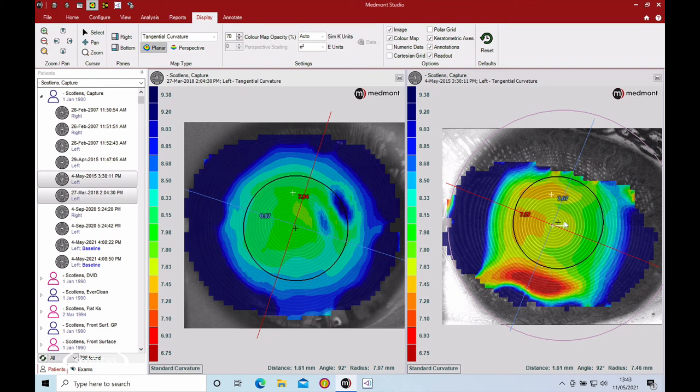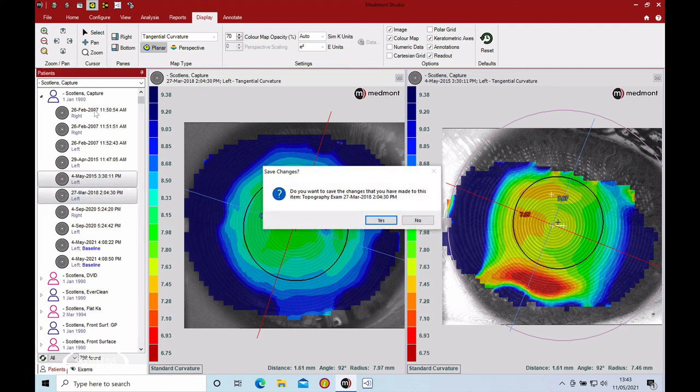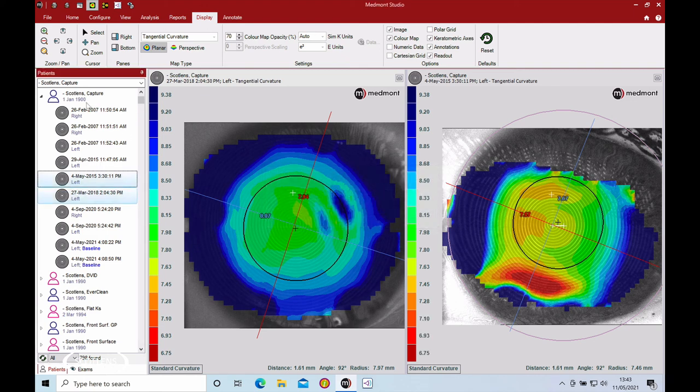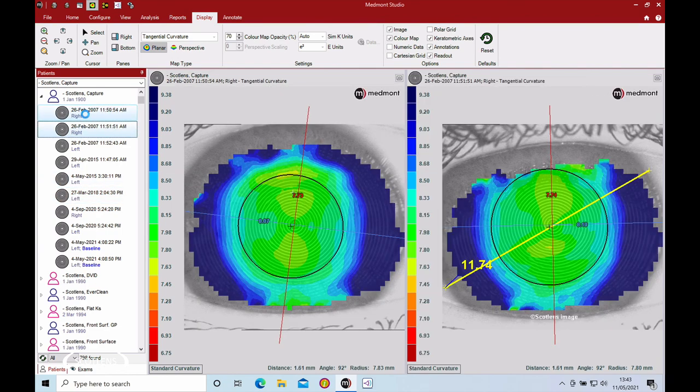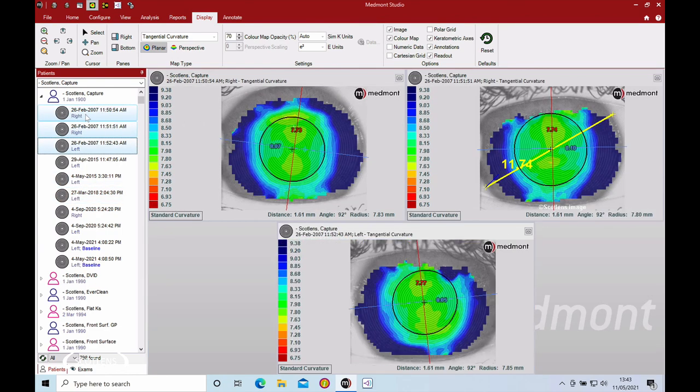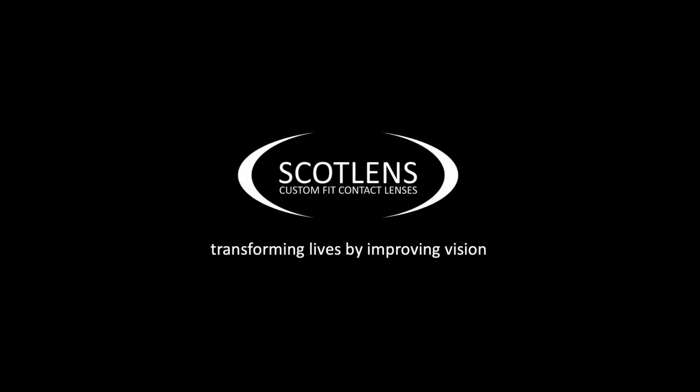So get them to blink, and you can even use a wetting drop. What you want to end up with is nice full images, three images for each eye for your patient, so you've got a good starting point for a baseline, especially for orthokeratology. I hope you found this video useful. Check out our other videos, including the other ones in this series on topography.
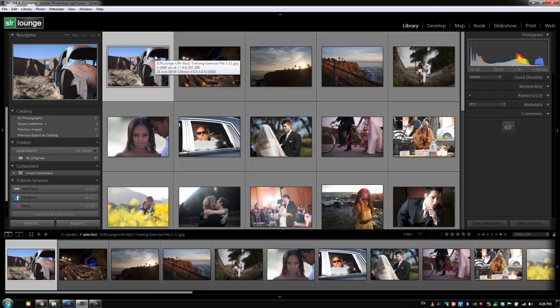What's up, guys? This is Post-Production Pi with srlounge.com. All right, I'm going to show you guys the new export to email function that is new to Lightroom 4, which is actually pretty dang awesome.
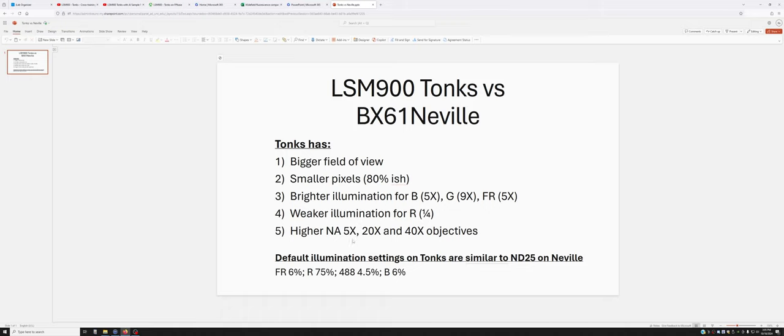The 5x, 20x, and 40x objectives—there isn't a 5x on Neville, but there's a 4x which is sort of similar—have higher numerical aperture than the ones on Neville. That means they're a little bit brighter and have a little bit higher resolution.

◇ ◇ ◇ ◇ ◇ ◇ ◇

# [Exercise instructions]
Output exactly, and with no pictures, the lines from the line that holds "What's up, guys?" through the last line of the listing above.

# [Solved problem]
What's up, guys? This is Post-Production Pi with srlounge.com. All right, I'm going to show you guys the new export to email function that is new to Lightroom 4, which is actually pretty dang awesome.
The 5x, 20x, and 40x objectives—there isn't a 5x on Neville, but there's a 4x which is sort of similar—have higher numerical aperture than the ones on Neville. That means they're a little bit brighter and have a little bit higher resolution.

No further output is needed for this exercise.